# Is my cockatiel ever gonna be hand-tamed? :(



## Cloudmark (May 11, 2013)

Hey guys,

3 days ago i bought my first cockatiel from a local breeder, its been 3 days and I am afraid of the fact that this bird may never be hand-tamed ,

My aunt has a budgie 8 years old and he is not hand tamed, he is with them for 8 years + and he is still afraid of hands, on the other hand my 3 years old budgie has been hand tamed (pop ups to hand, get foods from my mouth etc.) sinche he came here, 

the reason I am opening this thread, I need to calm myself about this, I have had 4-5 parrots/budgies so far, first one is still with me, once I had a african grey, in spite of our endless efforts he was always afraid of our hands and out beings near him. So these things started a phobia in me that my new cockatiel is not going to be hand-tamed , tamed at all..

Ok its not even one week he is with us, but he is always afraid of our hands, :frown: Since I have bad experiences about this situation, I need your suggestions:

When I put my hand inside his cage, he gets into a alert position, and hisses. when I put my finger next to him he opens his mouth as a defense mechanism and doesnt like my behaviour. Ok, these things are normal for a new bird (he is 3 months old). But I want to know is he always going to behave like that? I read all the possible hand tame guides all over the internet. I am doing excactly like these guides, with millets,leafs. But he hasnt changed its behaviour against hands since he came here. Can you relieve me about this situation please  What should I do?

thanks 

edit: I also removed his dishes from his cage today to try "giving food only from hand" thing I read in this forum, How often should I try giving him food/seeds?


----------



## Isikius (Feb 10, 2013)

Good on you for doing research, your bird will thank you for it. 
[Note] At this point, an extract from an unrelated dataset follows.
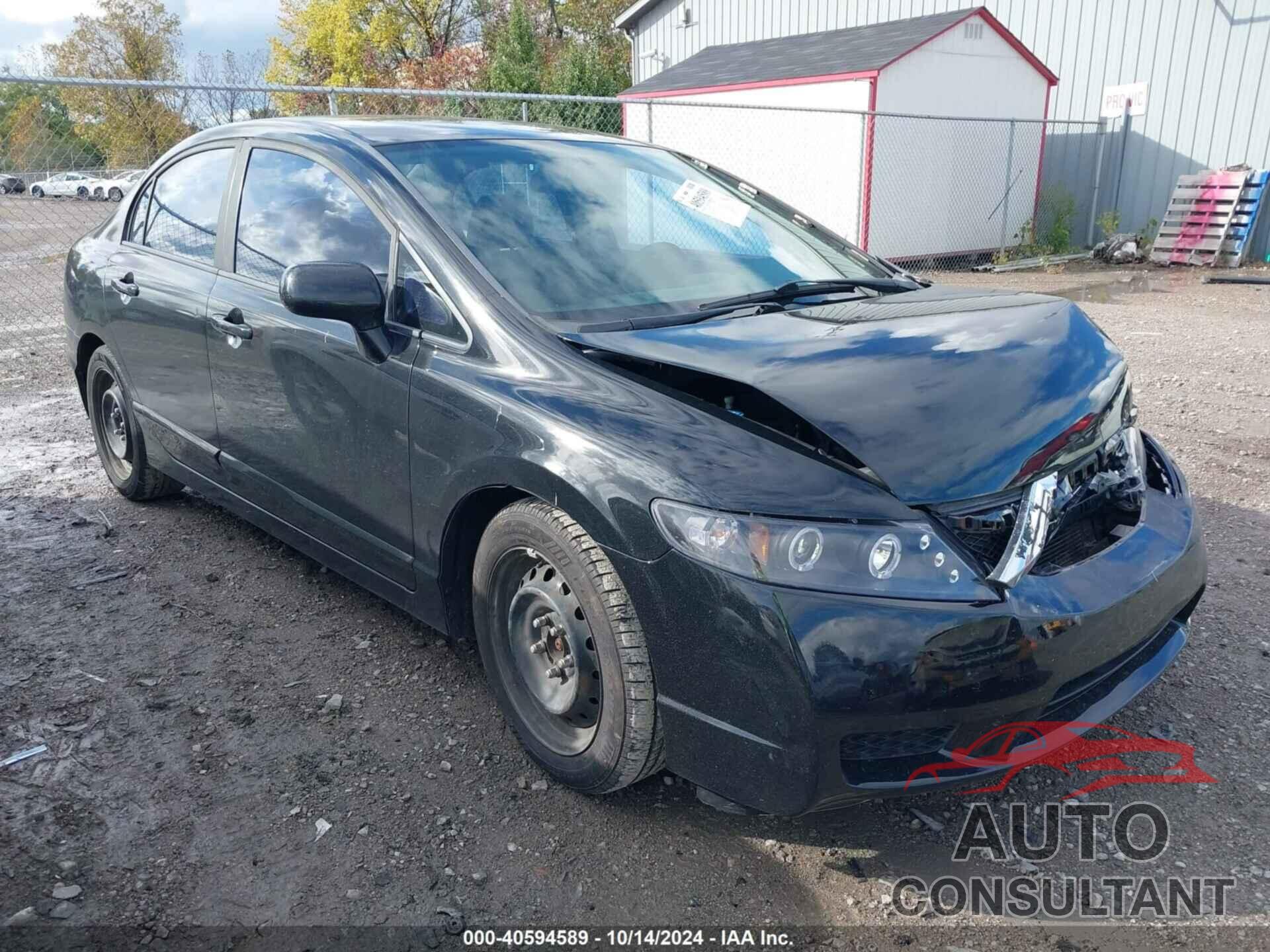 HONDA CIVIC 2011 - 19XFA1F50BE015916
If you're not having much luck with putting your hand in the cage you could try a few days of not putting your hand in, and instead drop some treats in through the bars each time you walk past. Then, birdy associates you with nice treats. Later on try standing near the cage and dropping a treat in only when your birdy takes a few steps towards you. When they're comfortable with this try hand feeding treats through the bars, then open the cage door and gradually get your bird to 'step up' for the treat. 
Hope that helps!


----------



## sunnysmom (Sep 23, 2011)

It can take cockatiels weeks and even months to settle into their new home. I would stop the taming process for a few days and just sit quietly with him and talk to him. No hands. Its very common for tiels to have a fear of hands. I wouldn't be worried that your tiel has this fear. Let him settle in a little more and then start on the taming process. If you go under the training and bonding section on the forum, there is a stickie at the top that has some helpful advice. Just try to take things slow and move at your tiel's pace. He'll come around.


----------



## sunnysmom (Sep 23, 2011)

Also, I would put his food back. I think tiels should have 24/7 access to food.


----------



## Cloudmark (May 11, 2013)

Ok, put his food back 5 min ago, I ll wait 1 week for him to settle down. I m not going to put my hand into cage for 1 week and just go near him and look,

I think i am being impatient about this..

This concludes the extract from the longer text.